In the past week, thousands of voters across Texas opened their mailboxes to learn that they might be dead. It was quite a shock to many of them.
This week, I began receiving calls from constituents who had received letters from Harris County voting officials stating the government had obtained information indicating they were deceased and, unless they responded to the letter within 30 days, their voter registration will be canceled. Thousands of such letters apparently have gone out across the state.
Here’s the back story: Last year, the legislature passed a bill, HB 174, instructing the secretary of state to coordinate with county election officials to clean up voter rolls across Texas.
The law, a straightforward plan to remove deceased voters from election lists, passed with overwhelming bipartisan support because we all agree maintaining accurate election lists is vital to running fair and efficient elections. It went into effect Sept. 1 — of last year.
Thanks to the complexity of the task at hand, bureaucratic red tape and the sometimes slothlike pace in which federal, state and county governments coordinate, the final and most critical phase of the cleanup effort is only just now beginning, fewer than 55 days from Election Day and barely a month from the beginning of early voting.
The list of “potentially deceased voters” comes from the Texas secretary of state’s office, which gets it from the federal Social Security Administration, finesses it, and then sends it on to Texas county voting officials. The list is more of an “FYI, someone in your area named John Doe has passed on, you should double-check on that,” rather than a directive stating “John Doe at 123 Fake Street is definitely dead, remove him from the voter roll.”
The confusion, database errors, and rapidly approaching deadline raise the specter that thousands of legal Texas voters could be denied their right to vote as a result of a clearly flawed voter purge. Election officials are downplaying that concern, saying that anyone “mistakenly” removed from the voter lists will be able to easily rectify the situation on Election Day and have his or her vote counted.
Experience and reality say otherwise.
When you go to vote, the election official looks at your documentation and checks the list for your name, gives you your ballot, and you cast your vote. If you have been purged, there is not a note next to the names saying “please ask voters if they are alive”; your name is just gone. For election purposes, you do not exist.

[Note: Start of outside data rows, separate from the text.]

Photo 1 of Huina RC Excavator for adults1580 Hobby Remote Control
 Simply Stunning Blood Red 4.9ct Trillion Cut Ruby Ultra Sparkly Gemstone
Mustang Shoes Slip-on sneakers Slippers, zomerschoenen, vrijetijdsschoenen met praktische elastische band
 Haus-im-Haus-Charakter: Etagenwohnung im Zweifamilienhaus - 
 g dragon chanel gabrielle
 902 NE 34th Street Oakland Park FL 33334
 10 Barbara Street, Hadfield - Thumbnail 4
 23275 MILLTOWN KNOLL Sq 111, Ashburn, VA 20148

As officials try to sort out the confusion, the line behind you will get longer, complicating the election for everyone in your precinct. Meanwhile, partisan election watchers will come over and raise objections to allowing you to cast your vote.
This should be a noncontroversial issue. We all want accurate voter rolls. Unfortunately, it comes at the same time that there are unprecedented efforts to prevent legal voters from exercising their right to vote.
Texas’ voter ID law, which erects onerous and unnecessary barriers to voting, recently was struck down by federal courts as being discriminatory, and there is a well-known and well-funded poll-watching operation in place to intimidate voters and unduly complicate the process on Election Day.
In the case of the voter purge, I don’t think there is any nefarious or malicious intent. Instead, it is all about timing. Election officials took a year to get the list in place, and now they want to start the process barely a month before early voting begins. If these letters had gone out in May, we would not be having this discussion because they would have had plenty of time to fix any errors.
The process is clearly flawed and fraught with peril. It took too long to get under way, and we are too close to Election Day to try to rush through a purge that likely will cost many Texans their opportunity to vote. In the name of fairness and efficiency, we should call a timeout until Jan. 1 and ask the secretary of state to work with the legislature and counties to ensure the cleanup is done in the most efficient, fair and transparent way, long before any elections take place so as to eliminate the appearance of political games.
Our state and our voters deserve no less.
Ellis, a Democrat, represents parts of Fort Bend and Harris counties in the Texas Senate.